Call for submissions: Platform Engineering Meet-ups

Call for submissions: Platform Engineering Meet-ups

Share your journey of building platforms that power engineering teams

Dev Kulkarni

@dev_kulkarni Co-author

Sakib Malik

@sakibmalik Co-author

Worker Controller: A Multi-tenant Consumer Proxy for Consumption at Scale

Submitted Oct 1, 2025

Session Description

At Zomato, the journey from a customer placing an order to its fulfillment, and beyond, depends on a complex web of systems running seamlessly in the background. To power this at a massive scale, we rely on an event-driven architecture built on Kafka and SQS. With thousands of topics and queues in production — and new ones being added almost daily as teams roll out features or system improvements — managing this ecosystem is no small task. Every new topic or queue demands corresponding compute resources and workers to consume them. Managing these workers consistently, reliably, and safely has always been a challenge — until now. In this talk, we introduce Worker Controller, our central multi-tenant standardized consumer and remote processor designed to simplify worker creation, improve reliability, allow canary support, and accelerate feature delivery across the organization.

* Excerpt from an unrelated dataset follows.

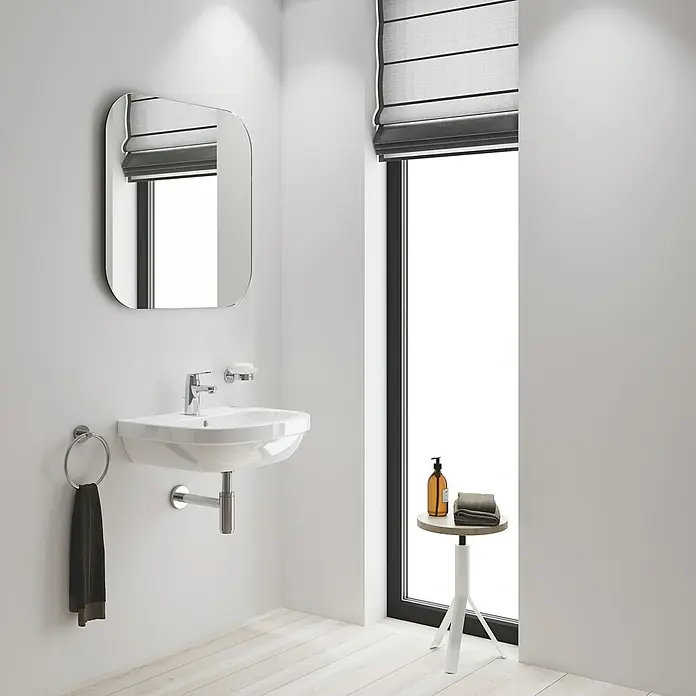Grohe Eurosmart Cosmopolitan Waschtischarmatur S-Size mit ES-Funktion - Mit Zugstange, Chrom, Glänzend, Kaltwasserstart - Modernes Badezimmer mit einem eleganten Waschbecken und einem stilvollen Spiegel.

Worker Controller abstracts away the complexities of queue consumption from Kafka and SQS by shifting the consumer architecture from a traditional pull-based model to a centralized push-based proxy. Today, it manages over 900 Kafka topics, over 100 SQS queues, and more than 1,000 consumers, handling peaks of ~5 million requests per minute. This proxy layer takes ownership of partition-level offset management, retries, dead-letter queues, batching, and observability by default. Because consumption and processing are separated — with the controller centrally consuming and dispatching work to workers — it becomes much easier to handle poison payloads safely. Its RPC-driven design makes creating a new worker as simple as writing an RPC method, drastically reducing operational overhead for SREs. More importantly, the push-based model unlocks canary deployments for workers, allowing developers to test new code in production with controlled traffic, catch regressions early, and deploy with confidence. Also being a central component, Worker Controller simplifies governance, making it easier to plan for peak days and ensure that all teams follow best practices consistently.

Key Takeaways

We’ll explore how Worker Controller addresses three critical challenges: resilience, by enforcing retry budgets and DLQs to prevent cascading failures, handling poison payloads gracefully; control, by allowing dynamic throttling, pause/resume, and gradual rate-limiting of consumption to protect upstream systems; and fairness, by ensuring balanced resource allocation across queues so no “noisy neighbour” can dominate. In Kafka use cases where strict ordering is not required, Worker Controller also supports parallel consumption from a partition by sacrificing ordering — delivering higher throughput reliably.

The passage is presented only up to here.